I really don't have any answers, and the Black mother wit, "of keep on livin baby" seems incomplete for explaining the how and the why of giving up.  Maybe what we need is not answers but examples to remind us that we are all living testimonies to the very dreams that find us and haunt us.  Right now, I'm thinking of biblical Hannah in 1 Samuel who found herself with a husband and no child...while those around her seemed to have more than enough children, as they sought to be mean-spirited pointing out her barreness. 

I'm reminded of Hannah's radical prayer and worship life, partitioning God to bless her with a son, whom she decided to dedicate right back to God.   This can seem like an easy fix until you are knee deep into a year and a half of radical prayer and worship...and still no magical answer from God.  And what if it happens, and we are required unlike others to turn it over to God.  There are definitely some challenges to persevering...giving up can be a whole lot less painful.

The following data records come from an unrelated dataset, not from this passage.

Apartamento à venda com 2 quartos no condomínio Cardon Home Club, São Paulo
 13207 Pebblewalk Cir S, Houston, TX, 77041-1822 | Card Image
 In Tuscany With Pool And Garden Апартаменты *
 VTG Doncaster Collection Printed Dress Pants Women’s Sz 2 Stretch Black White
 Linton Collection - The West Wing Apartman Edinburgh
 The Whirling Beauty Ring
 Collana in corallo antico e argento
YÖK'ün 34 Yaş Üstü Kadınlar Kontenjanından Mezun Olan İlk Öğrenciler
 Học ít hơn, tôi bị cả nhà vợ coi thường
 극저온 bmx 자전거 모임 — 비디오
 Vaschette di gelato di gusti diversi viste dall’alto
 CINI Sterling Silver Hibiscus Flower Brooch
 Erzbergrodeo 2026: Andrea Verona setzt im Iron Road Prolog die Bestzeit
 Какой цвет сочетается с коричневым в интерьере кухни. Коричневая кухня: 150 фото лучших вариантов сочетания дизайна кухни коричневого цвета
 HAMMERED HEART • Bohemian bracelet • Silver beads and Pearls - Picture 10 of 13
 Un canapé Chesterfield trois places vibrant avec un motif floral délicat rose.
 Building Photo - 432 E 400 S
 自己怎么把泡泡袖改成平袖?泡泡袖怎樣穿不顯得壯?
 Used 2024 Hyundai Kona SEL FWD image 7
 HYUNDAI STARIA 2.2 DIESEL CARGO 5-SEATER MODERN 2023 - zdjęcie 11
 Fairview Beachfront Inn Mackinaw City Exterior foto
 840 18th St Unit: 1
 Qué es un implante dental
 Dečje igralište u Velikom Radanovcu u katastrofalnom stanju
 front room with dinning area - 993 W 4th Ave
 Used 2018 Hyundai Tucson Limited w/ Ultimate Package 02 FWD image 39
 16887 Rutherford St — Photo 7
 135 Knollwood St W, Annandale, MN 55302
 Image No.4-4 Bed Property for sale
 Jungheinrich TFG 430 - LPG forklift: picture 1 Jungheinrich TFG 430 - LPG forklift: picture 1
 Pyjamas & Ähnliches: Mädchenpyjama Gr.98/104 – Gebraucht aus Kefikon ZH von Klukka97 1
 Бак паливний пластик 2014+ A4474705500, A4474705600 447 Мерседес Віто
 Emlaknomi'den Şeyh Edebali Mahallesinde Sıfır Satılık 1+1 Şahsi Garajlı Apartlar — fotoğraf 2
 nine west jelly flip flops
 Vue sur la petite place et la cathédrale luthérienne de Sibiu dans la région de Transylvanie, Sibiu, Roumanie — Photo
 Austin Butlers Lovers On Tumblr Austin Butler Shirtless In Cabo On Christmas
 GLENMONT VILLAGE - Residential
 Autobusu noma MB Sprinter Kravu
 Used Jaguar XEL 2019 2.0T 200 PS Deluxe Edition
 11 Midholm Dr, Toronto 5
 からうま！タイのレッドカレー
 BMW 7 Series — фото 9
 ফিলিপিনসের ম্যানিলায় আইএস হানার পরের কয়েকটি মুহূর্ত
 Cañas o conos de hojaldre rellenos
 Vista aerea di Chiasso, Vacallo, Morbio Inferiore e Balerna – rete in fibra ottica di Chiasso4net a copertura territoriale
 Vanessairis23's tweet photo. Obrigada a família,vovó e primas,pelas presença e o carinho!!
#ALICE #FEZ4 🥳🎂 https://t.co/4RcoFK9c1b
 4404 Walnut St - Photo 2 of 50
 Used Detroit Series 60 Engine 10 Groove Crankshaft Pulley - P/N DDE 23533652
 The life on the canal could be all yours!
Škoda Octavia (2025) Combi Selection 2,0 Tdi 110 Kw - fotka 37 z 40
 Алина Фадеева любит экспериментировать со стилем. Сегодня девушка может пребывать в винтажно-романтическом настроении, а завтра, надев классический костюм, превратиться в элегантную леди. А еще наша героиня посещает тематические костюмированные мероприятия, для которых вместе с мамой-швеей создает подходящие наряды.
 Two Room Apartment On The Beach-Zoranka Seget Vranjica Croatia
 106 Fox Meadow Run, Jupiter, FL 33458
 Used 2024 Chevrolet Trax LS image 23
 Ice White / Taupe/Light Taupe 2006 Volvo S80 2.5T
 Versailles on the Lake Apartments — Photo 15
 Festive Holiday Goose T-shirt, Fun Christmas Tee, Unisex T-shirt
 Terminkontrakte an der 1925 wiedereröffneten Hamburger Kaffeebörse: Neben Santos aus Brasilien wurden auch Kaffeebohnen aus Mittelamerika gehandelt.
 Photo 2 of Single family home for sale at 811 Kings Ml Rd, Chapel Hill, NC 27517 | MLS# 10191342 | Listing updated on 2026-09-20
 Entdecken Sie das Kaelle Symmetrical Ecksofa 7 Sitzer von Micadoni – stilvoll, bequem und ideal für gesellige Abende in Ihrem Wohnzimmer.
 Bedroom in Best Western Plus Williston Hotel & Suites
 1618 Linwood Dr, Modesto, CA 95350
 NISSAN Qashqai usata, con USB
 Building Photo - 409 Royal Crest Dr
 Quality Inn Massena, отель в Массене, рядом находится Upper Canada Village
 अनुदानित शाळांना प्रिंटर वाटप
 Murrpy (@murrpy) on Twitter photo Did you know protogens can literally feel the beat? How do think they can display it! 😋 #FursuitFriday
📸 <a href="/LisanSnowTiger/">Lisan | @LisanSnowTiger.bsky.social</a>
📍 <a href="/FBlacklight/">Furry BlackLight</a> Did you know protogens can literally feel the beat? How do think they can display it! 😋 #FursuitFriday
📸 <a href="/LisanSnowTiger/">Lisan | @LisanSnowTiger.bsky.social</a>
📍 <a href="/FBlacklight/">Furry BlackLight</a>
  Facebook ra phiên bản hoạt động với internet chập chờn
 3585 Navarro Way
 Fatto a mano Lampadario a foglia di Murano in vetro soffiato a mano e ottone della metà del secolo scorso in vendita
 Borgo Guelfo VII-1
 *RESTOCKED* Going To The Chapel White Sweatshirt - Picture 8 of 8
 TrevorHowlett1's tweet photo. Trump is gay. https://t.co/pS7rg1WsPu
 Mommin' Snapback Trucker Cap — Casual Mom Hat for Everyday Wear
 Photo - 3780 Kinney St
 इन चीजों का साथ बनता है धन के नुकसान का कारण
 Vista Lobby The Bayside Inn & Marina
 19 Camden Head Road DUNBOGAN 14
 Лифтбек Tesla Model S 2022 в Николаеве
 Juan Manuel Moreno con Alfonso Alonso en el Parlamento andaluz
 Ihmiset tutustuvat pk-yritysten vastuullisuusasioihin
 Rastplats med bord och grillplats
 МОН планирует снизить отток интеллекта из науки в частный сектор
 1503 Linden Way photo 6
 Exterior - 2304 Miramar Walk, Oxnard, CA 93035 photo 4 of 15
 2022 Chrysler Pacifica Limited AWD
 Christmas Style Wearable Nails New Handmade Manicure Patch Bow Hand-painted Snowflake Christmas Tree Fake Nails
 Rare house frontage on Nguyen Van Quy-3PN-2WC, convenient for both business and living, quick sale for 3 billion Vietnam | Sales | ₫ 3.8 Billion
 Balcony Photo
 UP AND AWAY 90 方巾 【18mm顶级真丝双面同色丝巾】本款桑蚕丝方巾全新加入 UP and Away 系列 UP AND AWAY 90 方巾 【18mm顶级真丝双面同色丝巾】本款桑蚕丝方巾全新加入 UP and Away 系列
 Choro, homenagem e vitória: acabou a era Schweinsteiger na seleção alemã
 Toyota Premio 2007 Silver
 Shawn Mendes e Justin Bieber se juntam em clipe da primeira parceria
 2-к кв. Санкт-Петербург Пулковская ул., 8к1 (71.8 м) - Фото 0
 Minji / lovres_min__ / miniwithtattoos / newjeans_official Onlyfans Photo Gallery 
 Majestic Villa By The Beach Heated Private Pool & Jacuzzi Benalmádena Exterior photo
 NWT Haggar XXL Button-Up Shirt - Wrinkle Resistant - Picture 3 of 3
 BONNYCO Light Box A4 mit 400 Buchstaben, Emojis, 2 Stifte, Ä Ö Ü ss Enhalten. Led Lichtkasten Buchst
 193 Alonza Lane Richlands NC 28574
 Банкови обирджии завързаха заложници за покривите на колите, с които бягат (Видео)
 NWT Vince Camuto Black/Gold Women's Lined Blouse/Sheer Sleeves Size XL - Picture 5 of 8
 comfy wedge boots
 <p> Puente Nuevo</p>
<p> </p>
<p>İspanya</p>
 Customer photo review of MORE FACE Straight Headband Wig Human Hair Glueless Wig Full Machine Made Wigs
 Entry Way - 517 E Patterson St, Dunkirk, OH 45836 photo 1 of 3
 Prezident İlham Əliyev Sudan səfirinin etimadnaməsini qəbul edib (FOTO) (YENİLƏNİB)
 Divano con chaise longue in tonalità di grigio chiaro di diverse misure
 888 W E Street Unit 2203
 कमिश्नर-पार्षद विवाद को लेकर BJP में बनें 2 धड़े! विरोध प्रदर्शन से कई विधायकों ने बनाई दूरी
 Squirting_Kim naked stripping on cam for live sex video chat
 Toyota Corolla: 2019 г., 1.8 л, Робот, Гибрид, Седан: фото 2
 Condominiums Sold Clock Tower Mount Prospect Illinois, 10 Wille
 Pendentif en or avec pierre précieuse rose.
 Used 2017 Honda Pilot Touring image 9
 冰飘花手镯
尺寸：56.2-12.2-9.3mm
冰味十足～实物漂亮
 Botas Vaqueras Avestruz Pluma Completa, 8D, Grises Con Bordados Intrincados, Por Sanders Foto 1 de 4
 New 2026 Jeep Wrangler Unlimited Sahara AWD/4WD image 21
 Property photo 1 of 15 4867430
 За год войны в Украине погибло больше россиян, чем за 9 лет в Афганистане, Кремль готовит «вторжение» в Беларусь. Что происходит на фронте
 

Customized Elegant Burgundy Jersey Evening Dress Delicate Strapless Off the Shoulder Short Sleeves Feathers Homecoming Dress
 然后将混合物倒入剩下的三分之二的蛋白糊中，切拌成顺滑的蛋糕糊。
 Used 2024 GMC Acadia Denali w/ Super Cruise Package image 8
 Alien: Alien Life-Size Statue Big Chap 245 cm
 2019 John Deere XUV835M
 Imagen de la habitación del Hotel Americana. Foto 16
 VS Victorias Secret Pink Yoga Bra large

I'm convinced that each of us has a Hannah story dancing in our hearts...and if we can be perserverant long enough, we might find out that we have a blessing inside of us too.  And, sometimes the things we desperately want, things that we told ourselves that we can't have, start by taking one step in the direction of just one of those dreams.  For me, lately, that's been starting my own business.  Striking out in this one area, has helped me deal with my issues of confidence.  And while I'm scared of failure, I'm excited to try.  In fact, starting this business has made me emotionally more eager to open my heart to the possibility of other dreams that I had put up in my spiritual and emotional "parking lot."  Starting the business has made me reflect on my life's work, as I've had to put together a portfolio. 

One day, a few weeks ago, I began to marvel at many of the things that I had counted insignificant.  Looking back made me realize that I had indeed made an impact.  It was in that moment that I realized the truth in a critique given to me a few months prior.  A colleague who I adore had asked me, "Sean, why didn't you apply for that?"  I fumbled with an answer, but she said something that resonated with the truth that I didn't want to hear.  She said, "I know why...you don't believe in yourself no matter how 'butter' you are?"  As we sat talking, I knew she was speaking truth to me...and when I began to put together my portfolio I had to sit with another truth: I was indeed "butter." 

What I'm saying here is less confusing than my example.  Sometimes we must look back at the work we have done, the training we have received, and the successes we've had...to see ourselves clearly, often overlooking the negative words that are sometimes corrupting our hearts and minds.  What I'm saying is that we must KNOW deeply that our value is larger than one moment of failure, one moment of brokeness, one moment of misplaced vulnerability...one moment of hopelessness.  What I do know...is that if you don't try...if you don't risk...you will always be stagnant and scared, and probably a little envious of others who are seeking to live out their dreams.

My one real admonishment is this:  fight the urge to become one on those people.
Let's get to our next level.  I know that we've given up before...but let's try again!